1998年日本ホラー映画のブームを作るきっかけとなった作品がハリウッドでリメイクされる!というニュースを聞いて以来、ずっと公開を待っていた作品。
アメリカのホラー映画というと、「スクリーム」に代表されるジェット・コースター・ムービーと呼ばれる作品が流行っており、この「リング」のリメイクもそういった脚色をされるのかと思っていたが、見事に期待を裏切ってくれた。
"日本版「リング」のリメイク"、まさにその通りで日本版を忠実に再現しており、山村志津子・貞子の親子もアンナ・モーガン、サマラ親子となって甦り、長く濡れた髪で井戸から這い出してくる貞子の映像もそのままサマラに受け継がれ、大島やビデオを発見する山荘、貞子のいる井戸も場所をシアトルに変えただけで内容はそのまま受け継がれている。
松嶋菜々子の演じた役をナオミ・ワッツが演じており、このナオミ・ワッツが非常に良かった。死に追われる一人のか弱い女性でありながら、愛する息子を守る強い女性でもあるという役柄をうまく演じていたと思う。しかし、子役のデイビット・ドーフマンがいまいちしっくり来なかった。この子役の顔がすでに怖くて、子役がスクリーンに映ることがすでに怖い。ホラー映画ということを考えれば、素晴らしいことなのだが、この作品に限っていえば、一番怖い顔が必要なのはサマラである。
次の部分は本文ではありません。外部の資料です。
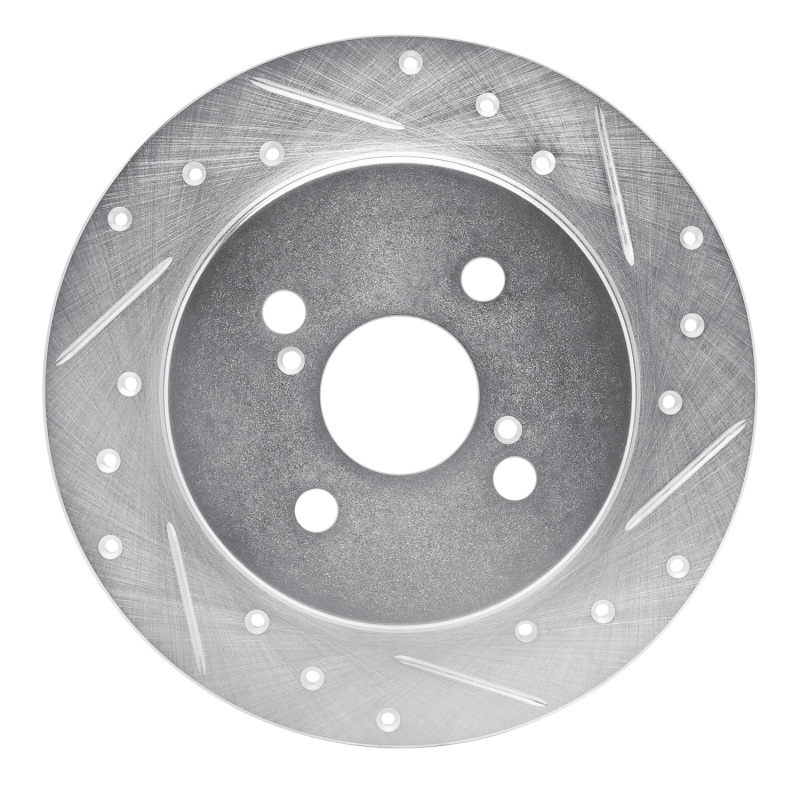Picture of RNC Brake Rotor - Drill & Slot - R1 12-18 Toyota Yaris (USA/Canada) Rear Right Drilled & Slotted Silver Brake Rotor rnc631-76090R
それなのに、サマラ以上に怖い顔をしている少年がいることで、サマラの恐怖が減少してしまっている気がした。
とはいえ、ビデオの恐怖はそのままに、いやハリウッドの技術を駆使した映像が日本版以上の恐怖を引き出しており、トータル的には日本版以上の恐怖を体感できる。
日本版と異なる点といえば、まず日本版が超能力として描いた貞子の恐怖を、アメリカ版は超能力という言葉を用いずに論理的に謎を解いていく。そのため、貞子の母、志津子の超能力実験のシーンがなくなっている。
逆にアメリカ版にしか存在しないのが、暴れ馬のシーン。ビデオに写っていた灯台のある島へと向かう船の中で突然馬が暴れだし、最後は自ら海に飛び込むというシーン。このシーンが唯一映像としての恐怖を味わえる場面でもある。それ以外は日本版と同様、心理的な恐怖を募らせる描写をしている。
"日本版とは異なるエンディング"とメディアでは取り上げられていたので、どんな終わりなのだろうと期待していたが、エンディングは日本版となんら変わりない終わり方で、同じ内容では見る人が減ってしまうため、それを防ぐための宣伝という"嘘"だったのだろう。
日本版を見た人にはそれほどでもないだろうが初めて見る人には今までのアメリカのホラー映画とは一線を隔すホラー映画という新鮮さを味わえる作品に仕上がっていると思います。
"恐怖"という観点から見れば、ストーリーを知っていることもあって、日本版を見たときのほうが恐怖を引きずっていましたが、両者を初めて見たとすれば、"超能力"を用いずに謎解きをしていったアメリカ版のほうが現実味があって、怖さをより身近に感じていたかもしれません。
一口コメント:
日本版を忠実に再現した新生アメリカ・ホラー映画です。